The truth of the matter is that, when the Christian conservative movement emerged in the 1970's, it was easy to limit the agenda to prayer in public schools and abortion because, in truth, they reflected reltively recent social changes that disturbed many, and not just Christian conservatives. With the social and cultural landscape drastically different now, many of the efforts of Christian conservatives can now be seen to be futile efforts to arrest social and cultural change through political means. The fundamentalist churches are even more marginalized now than they were because those who might have joined them politically are now concerned with issues that align them with their more liberal sisters and brothers in the mainline churches, especially issues surrounding the environment and the integrity of creation.
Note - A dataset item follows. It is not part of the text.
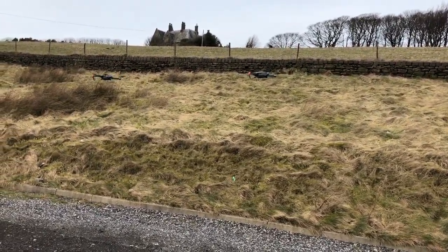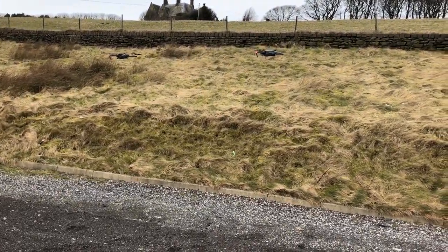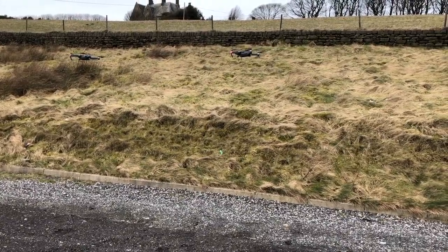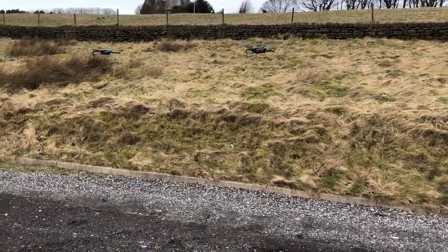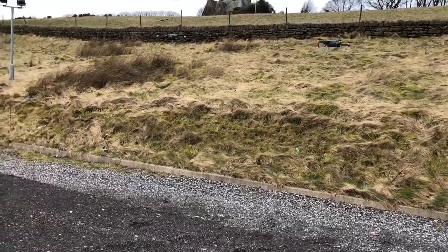We're here at Bullwood Reservoir and we're just testing the new propellers. The one on the right is the standard supplied Mavic Pro propellers and the one on the left is the Solo Noise propellers from Amazon.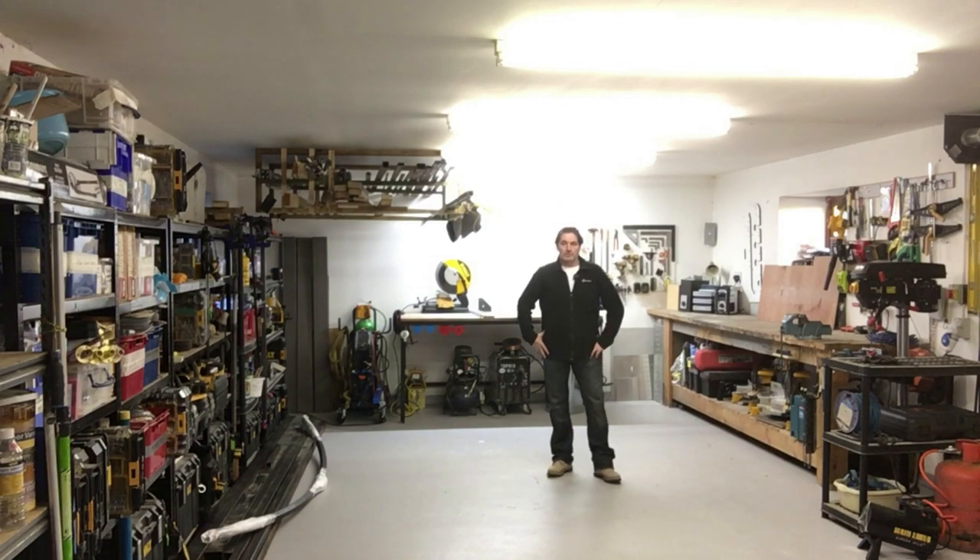Hi guys, in this video I just thought I would show you around my work area I have at home. It's 550 square feet of workspace which is down here. I also have another 300 square feet which is upstairs.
With the rise of a new evangelicalism, whose ethical concerns are social rather than personal, the fundamentalists may find themselves moving back to their more comfortable self-imposed internal exile, leaving the rest of us to contend in a world irredemably fallen. While I do not hope that is the case (I may find their theology silly and their politics dangerous, that does not mean they should be excluded from our national polity) I fear it may be the case. Whatever may happen in the future, and I believe it may take years to discover that, alas, we are without our fundamentalist brothers and sisters, American Evangelical Christianity, and even Mainline Christianity, is evolving in new and creative ways, and I believe that Christian conservatives, still yearning for a past that is gone forever, will find themselves increasingly marginalized.